Heart Analysis: Data Science Project
For our project, we hypothesized that people with high cholesterol have a greater chance of having a heart attack. A heart attack is caused when there is a blockage- preventing blood flow & oxygen to the heart. People with higher levels of cholesterol are more at risk of having a heart attack because this can lead to fatty deposits developing in your blood vessels, which can then result in blood clots. For our data, we wanted to predict if there was a correlation between cholesterol, chest pain, and age. And to predict the accuracy of a heart attack based on these three variables. One of the most common warning signs of a heart attack is chest pain or discomfort in the center of the chest. Therefore, we wanted to predict if there was a relationship between cholesterol levels and chest pain
Github:
https://github.com/elikemk/Heart-Attack-Data-Predict/tree/main
Chart 1 shows our confusion matrix for our testing data. H A stands for heart attacks. At the top we can observe that the number of people who did have Heart attack 29+6 = which is 35 test subjects. Out of the 35 test subjects, 29 which is 82% were accurately classified.
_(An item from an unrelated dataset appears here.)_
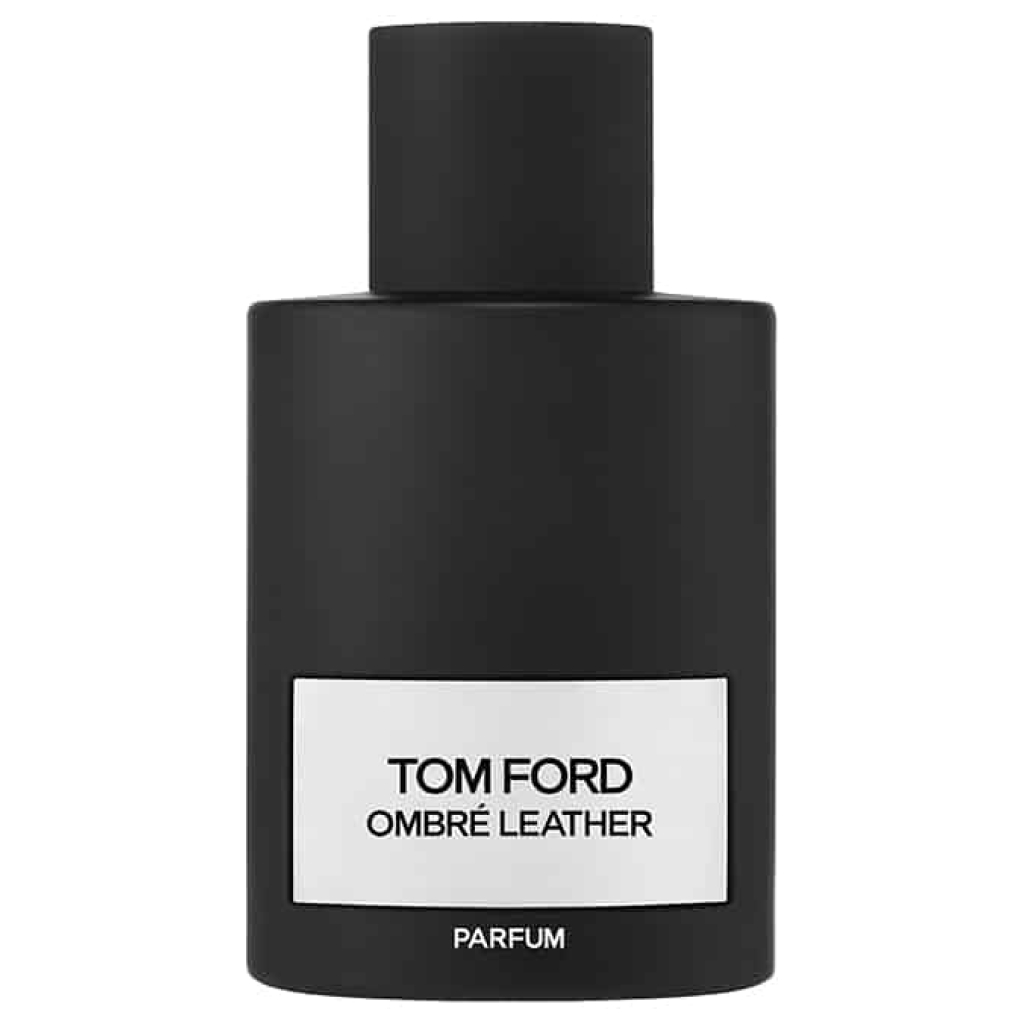 Perfume Tom Ford Ombre Leather Parfum Hombre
At the bottom of the chart 28 which (68)% , were correctly classified as having a Heart attack. After learning this we pruned our classification tree to create a better accuracy for our training dataset.
Pruning our variables improved accuracy by 5% . By plotting the alpha we found the ideal fit for our Decision tree. Observe chart 2, now out of the 35 people who did not have Heart Attacks 85% were classified correctly as not having a Heart attack . Out of the 41 people 75% were classified correctly as having a heart attack.